The important part is that each clone must be explicitly tracked if it should appear as a StackOwner record.


8. What This Can Detect

The current implementation can detect:

  • multiple tracked Arc<T> values pointing to the same heap data;
  • multiple tracked Rc<T> values pointing to the same heap data;
  • observed shared ownership fan-out;
  • ArcClone relation candidates in the relation graph;
  • a basis for later clone-storm or cycle analysis.

The careful description is:

It detects observed shared ownership among tracked StackOwner values.

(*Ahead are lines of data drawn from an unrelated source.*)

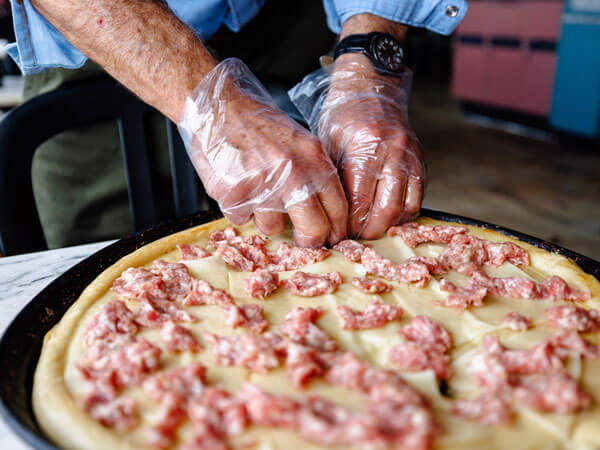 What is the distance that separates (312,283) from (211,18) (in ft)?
2.96

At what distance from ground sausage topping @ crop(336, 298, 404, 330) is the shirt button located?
898 mm

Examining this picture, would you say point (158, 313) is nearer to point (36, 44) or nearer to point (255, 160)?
point (255, 160)

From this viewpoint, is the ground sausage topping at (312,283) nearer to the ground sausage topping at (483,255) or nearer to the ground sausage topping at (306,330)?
the ground sausage topping at (306,330)

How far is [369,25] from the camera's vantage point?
4.45 ft

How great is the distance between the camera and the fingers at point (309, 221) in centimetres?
Result: 98

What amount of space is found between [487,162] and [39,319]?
4.28 meters

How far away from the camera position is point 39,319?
0.80 metres

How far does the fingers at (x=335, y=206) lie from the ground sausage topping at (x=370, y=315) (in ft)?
0.77

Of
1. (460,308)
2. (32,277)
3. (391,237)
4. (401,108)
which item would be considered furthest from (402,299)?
(32,277)

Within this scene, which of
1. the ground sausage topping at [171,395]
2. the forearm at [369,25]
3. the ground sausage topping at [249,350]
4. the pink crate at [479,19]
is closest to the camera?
the ground sausage topping at [171,395]

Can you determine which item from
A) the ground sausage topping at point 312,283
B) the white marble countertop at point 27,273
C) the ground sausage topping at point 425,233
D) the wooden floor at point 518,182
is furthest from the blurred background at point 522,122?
the ground sausage topping at point 312,283

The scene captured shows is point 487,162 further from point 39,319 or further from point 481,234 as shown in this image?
point 39,319

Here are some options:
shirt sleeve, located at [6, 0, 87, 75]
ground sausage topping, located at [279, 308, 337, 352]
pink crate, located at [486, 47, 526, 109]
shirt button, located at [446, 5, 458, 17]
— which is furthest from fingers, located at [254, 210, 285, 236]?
pink crate, located at [486, 47, 526, 109]

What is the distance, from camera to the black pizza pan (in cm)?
60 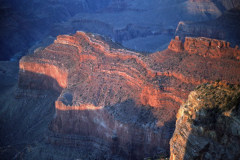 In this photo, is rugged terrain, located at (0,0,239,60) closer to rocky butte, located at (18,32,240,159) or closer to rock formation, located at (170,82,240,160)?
rocky butte, located at (18,32,240,159)

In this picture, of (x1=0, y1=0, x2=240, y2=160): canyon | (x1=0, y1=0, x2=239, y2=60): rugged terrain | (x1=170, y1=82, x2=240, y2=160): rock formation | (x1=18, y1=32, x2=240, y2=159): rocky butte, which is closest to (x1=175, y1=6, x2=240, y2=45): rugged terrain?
(x1=0, y1=0, x2=239, y2=60): rugged terrain

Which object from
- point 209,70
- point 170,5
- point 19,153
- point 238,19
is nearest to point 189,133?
point 209,70

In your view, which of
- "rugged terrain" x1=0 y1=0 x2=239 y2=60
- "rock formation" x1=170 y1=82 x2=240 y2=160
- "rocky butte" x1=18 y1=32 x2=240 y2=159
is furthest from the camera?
"rugged terrain" x1=0 y1=0 x2=239 y2=60

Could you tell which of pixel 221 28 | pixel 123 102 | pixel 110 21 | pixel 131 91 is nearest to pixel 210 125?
pixel 123 102


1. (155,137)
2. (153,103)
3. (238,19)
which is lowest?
(155,137)

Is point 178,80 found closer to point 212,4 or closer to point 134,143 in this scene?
point 134,143

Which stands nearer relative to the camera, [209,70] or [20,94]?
[209,70]

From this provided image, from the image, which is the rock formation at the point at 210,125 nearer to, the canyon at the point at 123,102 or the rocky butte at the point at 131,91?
the canyon at the point at 123,102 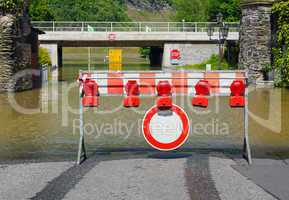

9. What This Cannot Detect

It cannot guarantee detection of:

  • clones that were never passed to track!;
  • the exact call site of every clone;
  • every strong count change;
  • short-lived smart pointer values that were not tracked;
  • complete borrow/move semantics;
  • foreign or custom reference-counted objects.

There is also a practical implementation note: a track_clone! macro exists, but the current main reliable path is track!StackOwner → relation inference. The article should not present track_clone! as the primary clone detection path unless its event recording path is verified.


10. Performance Claims

The clone relation itself is reconstructed during post-analysis by grouping records with the same heap pointer.

Runtime overhead mainly comes from explicitly tracking Arc/Rc variables as StackOwner events.

The benchmark suite contains general tracking benchmarks, but not a standalone benchmark isolating StackOwner grouping. Performance claims should therefore stay conservative.


11. Summary

StackOwner matters because it maps shared ownership into observable runtime data:

smart pointer value -> stack_ptr
shared heap object  -> heap_ptr
multiple stack_ptrs -> same heap_ptr
flowchart TD A[track! arc_var] --> B[Trackable for Arc/Rc] B --> C[TrackKind::StackOwner] C --> D[MemoryEvent] D --> E[event.ptr = heap_ptr] D --> F[event.stack_ptr = stack_ptr] E --> G[Relation Inference] F --> G G --> H[Group by heap_ptr] H --> I[ArcClone relation]

This is not perfect ownership tracing. It is a clear, explainable, and useful model for observing shared ownership in Rust programs.